Cooking is scientific, culturally specific and artistic. The manner in which a chef or home cook manipulates food creates a feast, quick meal, celebration or aberration. An onion can be "bloomed" and deep-fried to create a greasy, flour-fried heart stopping death bomb or braised then caramelized topping a bison burger that turns the traditional American burger into something special.

Chefs hold the secret to making the ordinary, extraordinary through training, artistry and being culturally aware of the origin and seasonality of food.

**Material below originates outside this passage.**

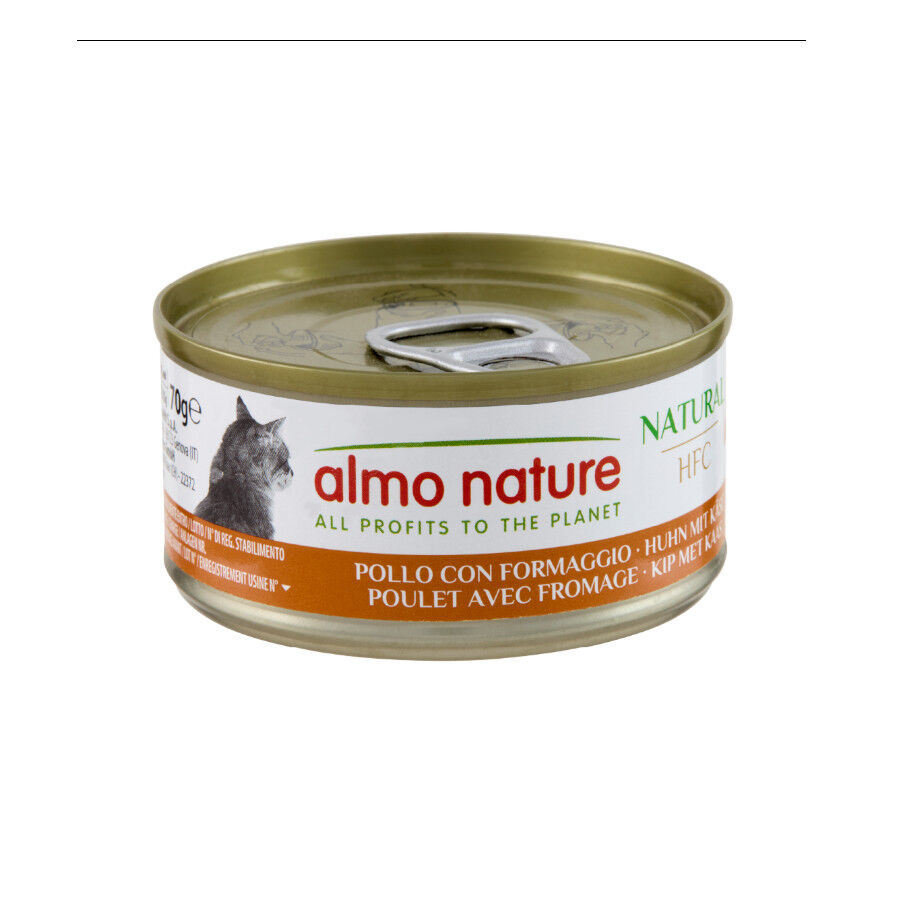 Almo Nature HFC Pollo y Queso para gatos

Cook with your head and your heart. Think about how you are cooking and learn the technique, culture and art behind the meal. Know the difference between saute, broil, braise, steam, roast, bake, fry, grill and charbroil. Understand the culture behind regional eating and prepare regionally specific food artistically.

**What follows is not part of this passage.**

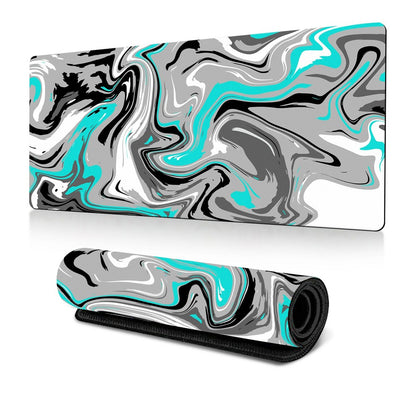 400*900*3mm Abstract Pattern Large Mouse Pad Rubber Desktop Mat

Good cooks use seasonal, regional and culturally appropriate ingredients. Winter denotes thick root vegetable stews and roasted meat while summer demands dark red and yellow heirloom tomatoes, freshly grown basil and eating alfresco - eat in season and regionally.

Caprese salad loses its freshness when ingredients used are not fresh and in-season. Orangey-red tomatoes purchased in the winter seldom offer the juicy freshness of one ripened in the chef's backyard garden. Hydroponically raised basil purchased in February from your local grocer tastes like basil but misses the peppery, grassy, sweetness developed from being kissed by the warm July sun. Food tastes better when purchased from the grower in-season or grown in your own yard.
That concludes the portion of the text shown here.